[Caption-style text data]
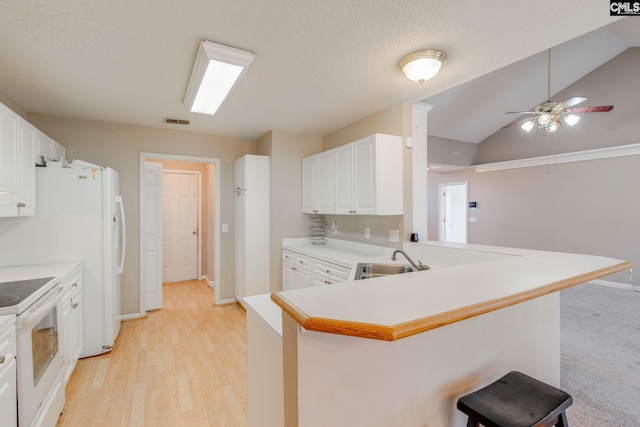 kitchen featuring lofted ceiling, a breakfast bar, a sink, visible vents, and white electric range oven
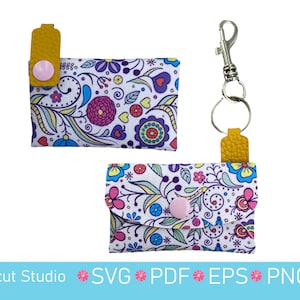 May include: Two small, floral-patterned cardholders with a yellow leather tab and pink snap closure. One cardholder has a silver keychain attached. The floral pattern includes pink, blue, and purple flowers on a white background. The text "Digicut Studio SVG PDF EPS PNG" is at the bottom.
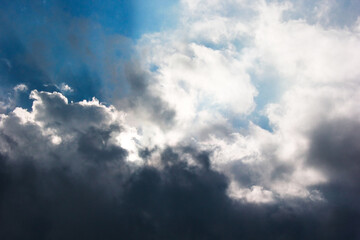 Naklejka na ściany i meble Backdrop of the sky, rain clouds and rays of the sun.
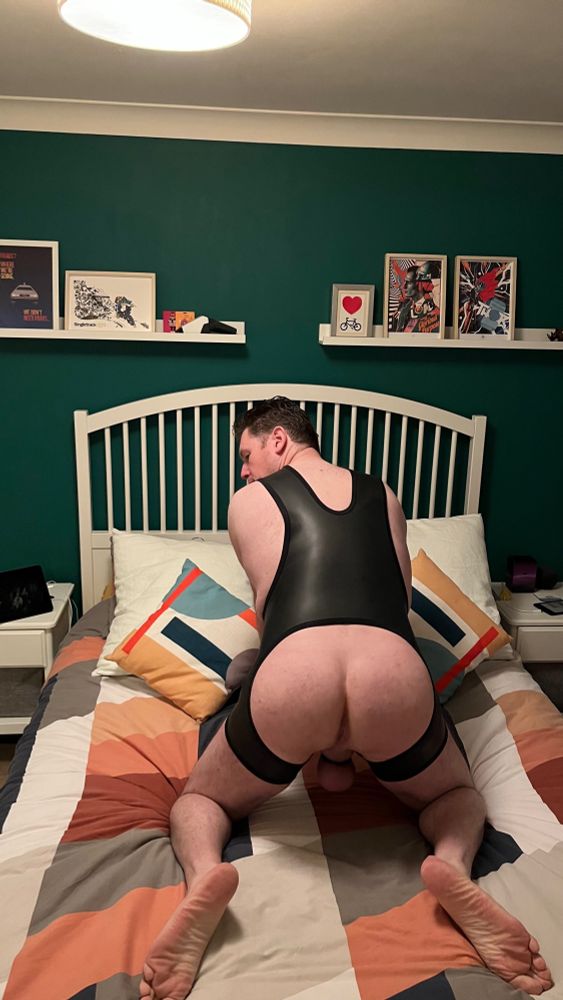 40 year old male on a bed in a neoprene singlet open at the rear and a black chastity cage looking back over his shoulder.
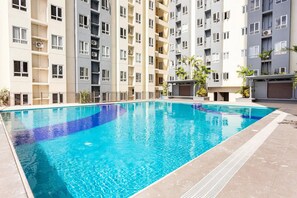 Een zwembad omringd door meerlaags woongebouwen met balkons en airconditioners.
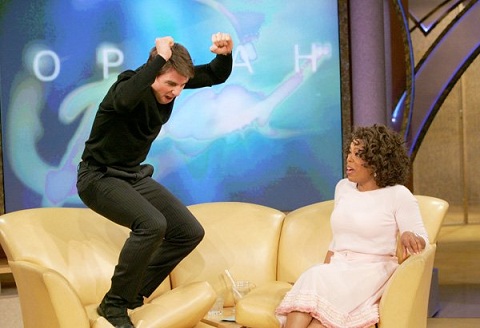 Tom Cruise jumping on Oprah's couch during talk show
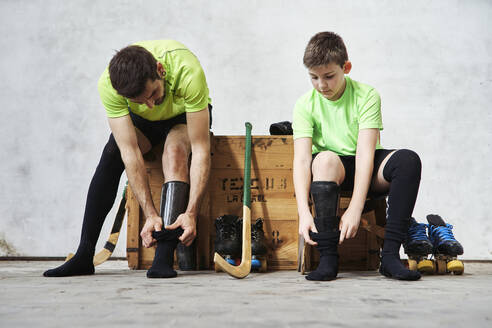 Father and son wearing socks while sitting on wooden box at court - VEGF02809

About this exercise —
Pictures stay out. Return exactly the lines from the one with "Tom Cruise jumping" through the last line of the data.

Finished task —
 Tom Cruise jumping on Oprah's couch during talk show
 Father and son wearing socks while sitting on wooden box at court - VEGF02809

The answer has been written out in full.